Project proposal v0.3.2

This research project intends to highlight the importance of different modes of address. In short, the term modes of address can be explained as; the way we talk. In the case of a service, a device or a tool; the way it talks.
I'm interested in the relation between the employed mode of address and if / how it enables deeper or alternate understandings of a particular subject matter. My hypothesis is that different modes of address have a great influence on the access to and engagement with the knowledge relative to the subject matter. This theory is the foundation for my project, which I will apply more specifically in the realm of visual production software.

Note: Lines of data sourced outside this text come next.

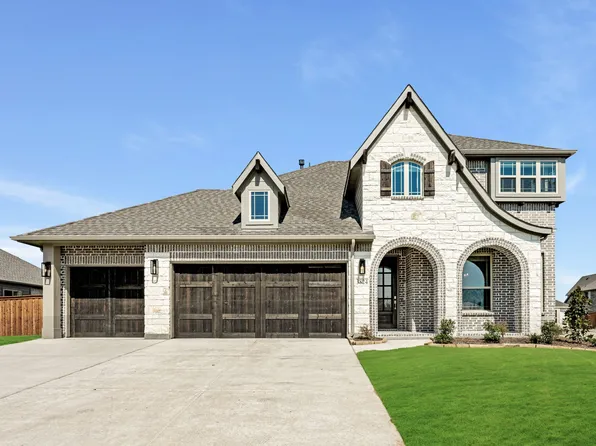 3824 Mesa Verde Dr, Rockwall, TX 75032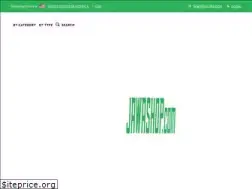 Sites similar to jawashop.com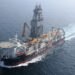 Petrobras 1000 drillship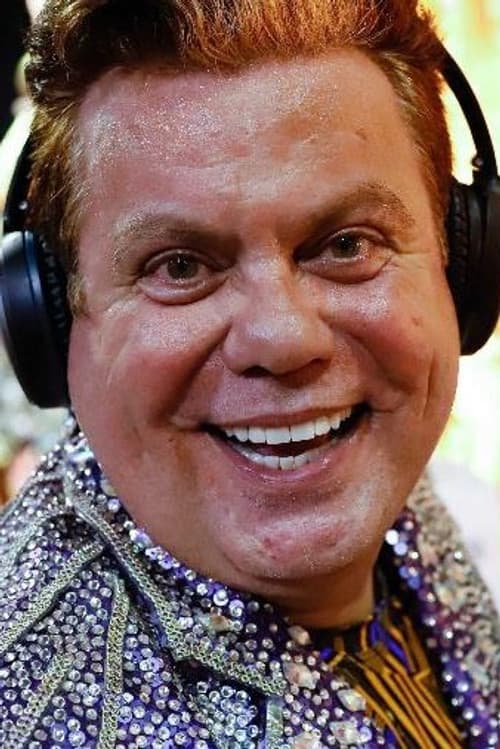 Milton Cunha profile photo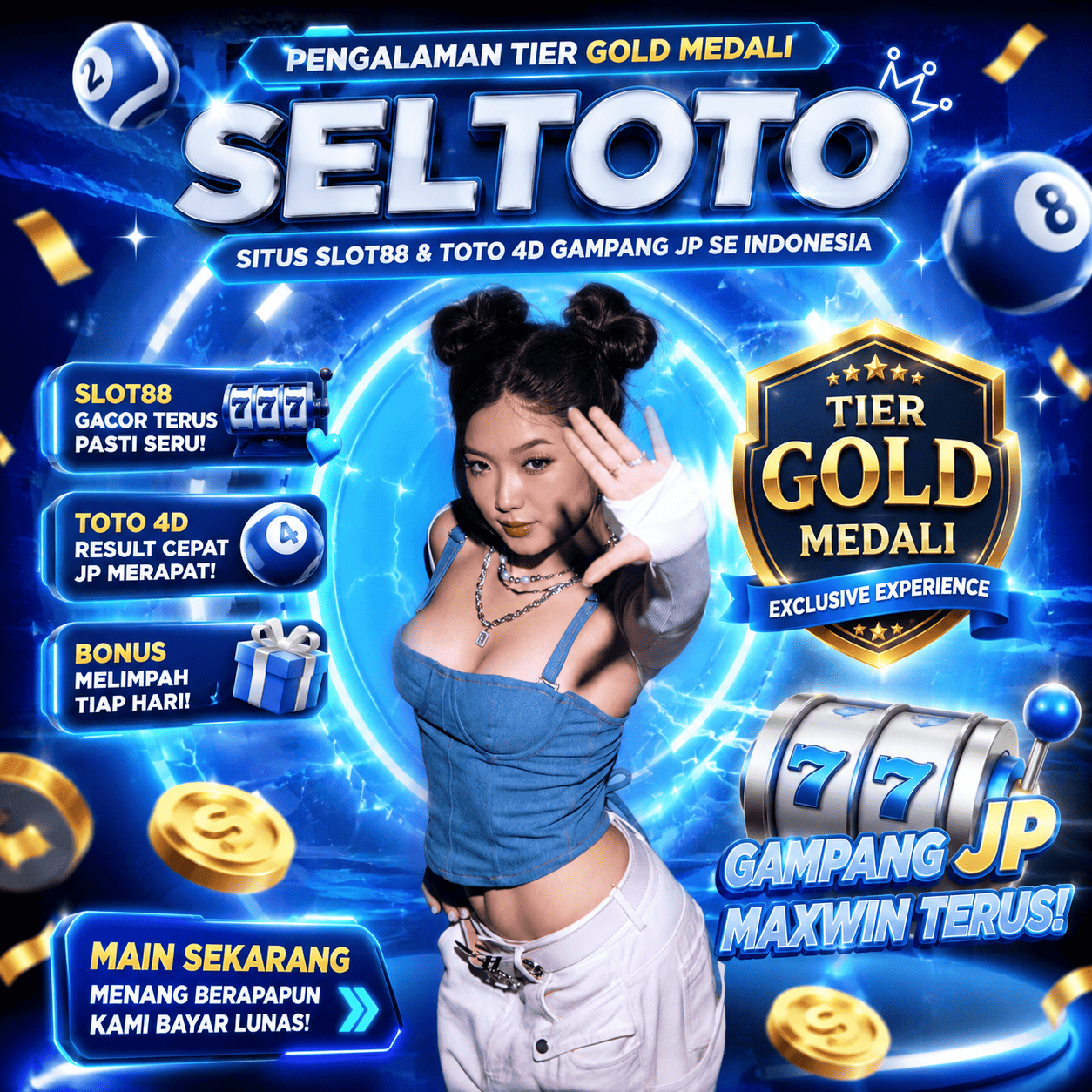 SELTOTO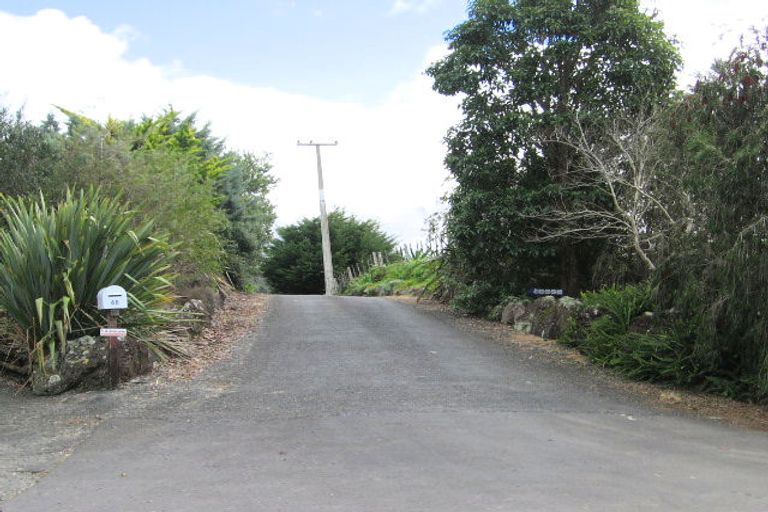 Photo of property in 36 Ritchie Road, Parua Bay, Whangarei, 0174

At the moment of this proposal, two ideas are bringing the notion of modes of address to the foreground: firstly, realising that visual production software is a young, new —isolated— culture of it's own. Meaning that when this type of software was made, initially at least, two cultures came together, a design culture and a computing / computer science culture. When saying that visual production software is a culture of it's own, I'm expressing a desire, wishing that both cultures could come together in a more interesting manor. I believe that the new practice-vocabulary that came out of the collaboration of design and computing culture could have been —could still be!— more alternative, making more backwards and forwards motions to and from the application of design methods thanks to computing methods. Meanwhile, why does the speech, the wordings and the sequences of actions in software that enables visual making, not give larger insight? Insight into what pre-software design practices got affected by the perspectives of computing. Instead, the words and names used in visual design software give more instructions that are named after methods, procedures, ways of getting things done. They are not telling of any history or skill not from design, nor from computer sciences.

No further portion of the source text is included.